Review Affector – Harmagedon

Christliche Rock- und Metalbands sind spätestens seit Saviour Machine, Stryper und As I Lay Dying keine Ausnahmeerscheinung mehr. Die Progressive Metal-Combo AFFECTOR reiht sich jedoch nicht nur in diese Szene ein, sondern geht sogar noch einen Schritt weiter: Statt in eigenen Worten über christliche Themen und Inhalte zu singen, bedienen sich AFFECTOR einfach direkt beim „Buch der Bücher“; sämtliche Textzeilen ihres Debüts „Harmagedon“ stammen nämlich 1:1 aus der Bibel, es gibt keine Reime und nicht einmal minimale Anpassungen.

Gründerväter dieser neuer Progmetal-Band sind der deutsche Gitarren-Virtuose Daniel Fries und der holländische Schlagzeuger Collin Leijenaar, der sich in den letzten Jahren vor allem als Tourdrummer von Neal Morse einen Namen gemacht hat.
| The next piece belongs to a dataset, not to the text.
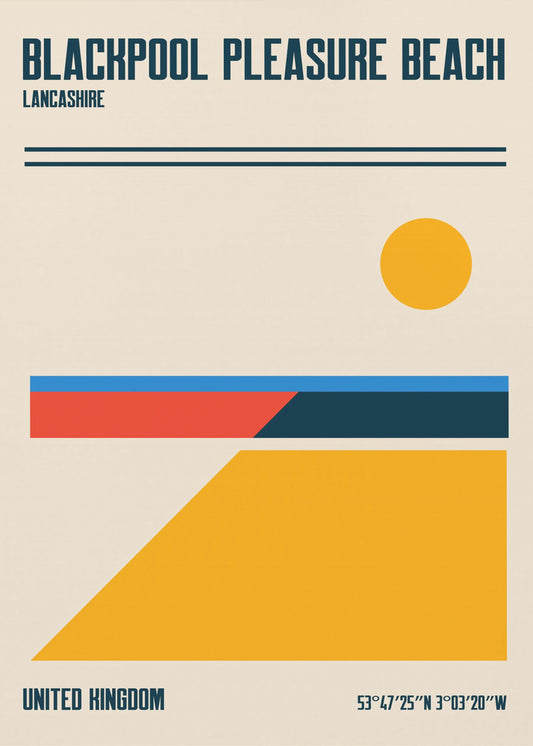 Reisposter van Blackpool Pleasure Beach | Canvas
Ganze vier Jahre haben die beiden an „Harmagedon“ gearbeitet und sich dabei tatkräftige Unterstützung von vielen bekannten Namen der Progressive-Szene gesichert: Hinter dem Mikro steht Ted Leonard (Spock’s Beard, Enchant, Thought Chamber), den Bass zupft Mike LePond (Symphony X) und die Keyboardsspuren stammen von so illustren Herren wie Jordan Rudess (Dream Theater), Derek Sherinian (ex-Dream Theater, Planet X), Neal Morse (Transatlantic, ex-Spock’s Beard) und Alex Argento. Das sind allesamt Musiker, die dafür bekannt sind, eher zu viel als zu wenig zu spielen.

Die Angst, es könnte sich bei „Harmagedon“ um seelenlosen Notenregen handeln, ist allerdings völlig unbegründet. Zwar haben AFFECTOR ohne Frage eine Schwäche für rasante, virtuose Instrumentalparts in bester Dream Theater-Manier, doch vergessen sie nie, diesen Teilen eingängige und emotionale Gesangsmelodien und atmosphärische Ruhepausen gegenüberzustellen, an denen sich der Hörer festhalten kann. Schon der Einstieg mit der zweiteiligen Overture samt echtem Orchester klingt organisch, warm und lebendig. Drei Attribute, die den meisten anderen Progmetal-Scheiben fehlen. Eine so unkitschige und berührende Ballade wie „Cry Song“ findet sich in diesem Genre ebenso selten. In den flotteren Momenten überzeugt Gitarrist Daniel Fries mit seinem äußerst variantenreichen, geschmackvollen und vor allem emotionalen Gitarrenspiel. Auch wenn seine Finger nur so über das Griffbrett flitzen, fehlt es nie an Seele. Die Schlagzeug-Zaubereien von Collin Leijenaar hingegen dürften insbesondere Fans von Mike Portnoy ansprechen, der hier klar Vorbild war.

Ein großes Plus der Platte ist auch die luftige Produktion, die nicht so aufgeblasen und zugekleistert daherkommt wie bei vielen Genre-Kollegen. Weniger gelungen finde ich hingegen das Cover-Artwork mit dem kitschigen und abgegriffenen Bandlogo und dem farblich etwas eintönigen Motiv.

Freude des gepflegten, symphonischen Progmetals der alten Schule sollten sich AFFECTOR dennoch dringend auf dem Einkaufszettel notieren – sie werden hier ganz vorzüglich bedient. Die 65 Minuten Spielzeit vergehen wie im Fluge und spätestens nach dem dritten Durchgang von Tracks wie „New Jerusalem“ oder dem 13-minütigen Epos „Harmagedon“ ist man um einige Ohrwürmer reicher. Zum Abschluss muss noch hinzugefügt werden, dass auch das Experiment mit den Lyrics hervorragend gelungen ist. Die Bibel lässt sich also nicht nur lesen, sondern auch singen! Bleibt nur zu hoffen, dass AFFECTOR uns dieses beeindruckende und beseelte Material bald auch live präsentieren werden.